The idea seemed a hybrid of Conservative and Labour policy: while the Conservative government looks for a private buyer for British Steel, Jeremy Corbyn wants it to be nationalised.
Tice dismissed warnings from Gareth Stace, the director general of the trade body UK Steel, who said Brexit “will not improve the situation for the steel sector but it has the potential to cause a great deal of damage”.
Stace was an “establishment” figure, Tice claimed. “I’m afraid some of these industry lobby groups are part of the establishment and are simply wrong. What is most important to make British steel is not the tariffs, it’s the cost of business rates, it’s the cost of energy and it’s the emissions trading scheme.”
UK Steel has previously called on the government to tackle industrial electricity prices, which are twice those in France, as well as a reduction in UK business rates. According to Stace, these are “five to 10 times higher than elsewhere in the EU, perversely increasing costs for those that modernise and upgrade”.
Tice was accompanied in Scunthorpe by Simon Boyd, the managing director of Reidsteel, a structural steel company based in Dorset.
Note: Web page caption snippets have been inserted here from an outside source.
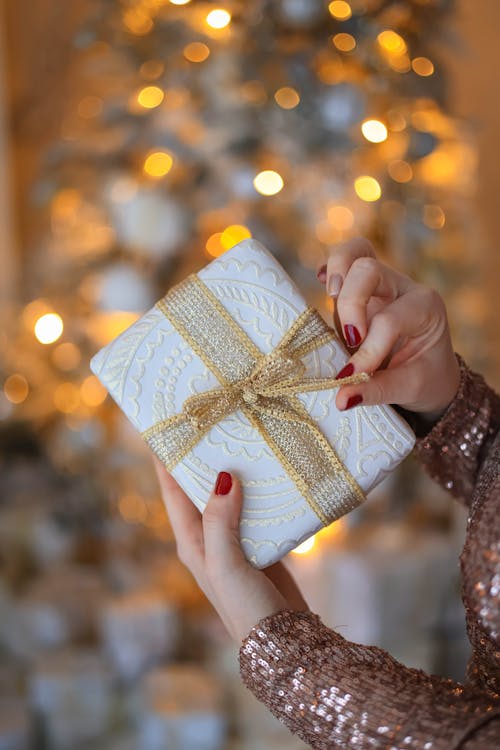 Woman Holding Christmas Gift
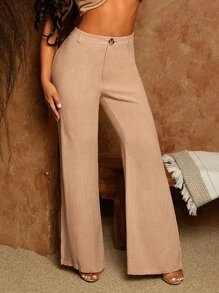 SHEIN SXY Solid Zipper Fly Flare Leg Trousers - Khaki - View 1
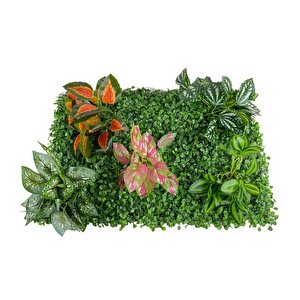 Yapay Çiçek Duvar Kaplama Panel Şimşir 40*60 5demet Yeşil Bitki Dik Duvar Uygulama Çiçeği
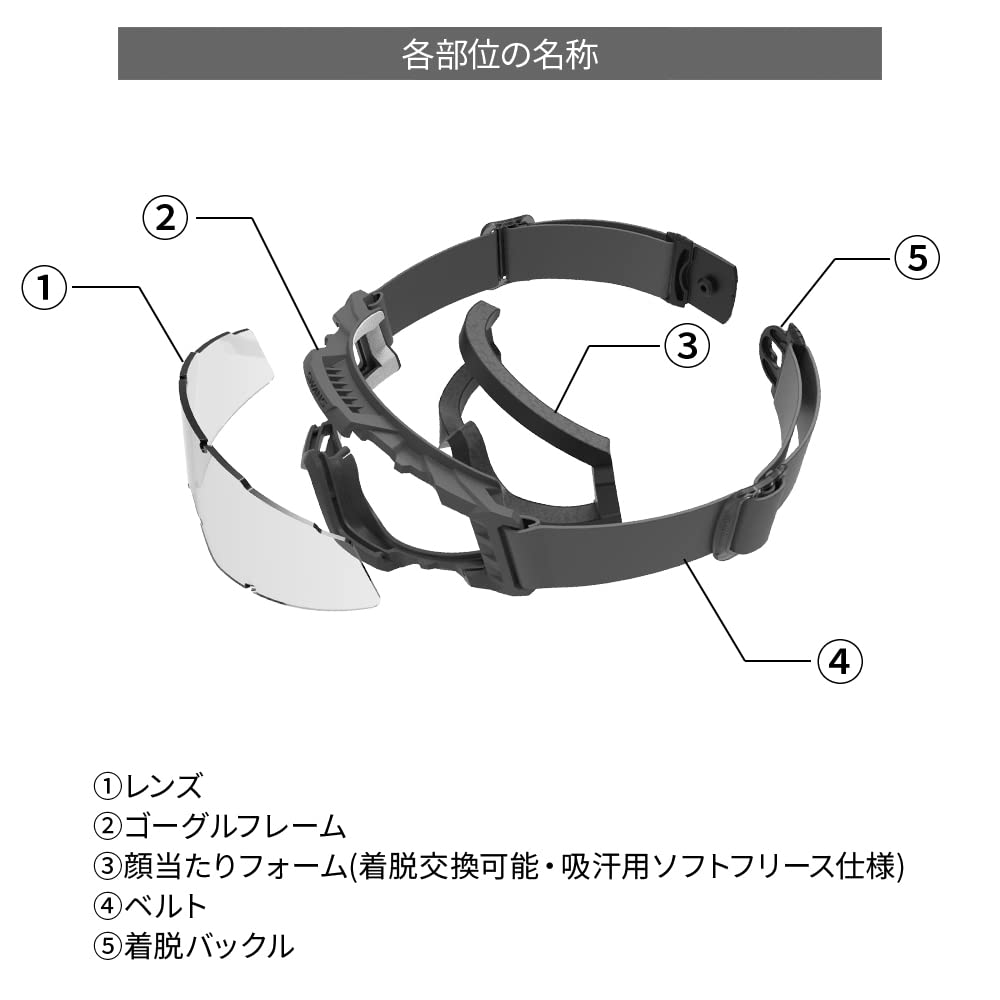 SWANS Tactical Goggles Black Color Light Smoke Lens SG-2280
He said EU regulations meant it was “easier for us to export to Mongolia than France”, drawing tuts of disapproval from the carefully vetted audience, who had each paid £2.50 to attend the press conference.
Boyd, who campaigned against the working time directive, said EU competition rules meant his firm lost a contract in Rotherham to a Portuguese firm, who benefited from significantly lower energy costs in Portugal and then came to Yorkshire and employed eastern European labourers.
Not everyone was convinced by the Brexit party’s proposal. Among those in the audience was Jim Crossman, a former chief engineer of British Steel, who went on to be chief executive of Caparo Merchant Bar (now Liberty Steel Scunthorpe), which makes steel bars.
“I’m a Brexit supporter but I am unsure they can bring this off,” he said. “The big worry I have is that while Rome is burning and the industry is reducing, the skills in the industry will leave because they are unsure if British Steel will survive … I don’t personally think there will be a private buyer who will buy the whole unit, including the blast furnaces, which need a lot of capital investment. They might strip out the better assets.”
The Brexit party polled 47% of the European parliamentary vote in North Lincolnshire, with Labour second (12.5%) and the Conservatives third (11.5%). It is contesting Thursday’s byelection in Peterborough and is beginning to develop a policy platform to fight a general election, should one be called before the UK leaves the EU.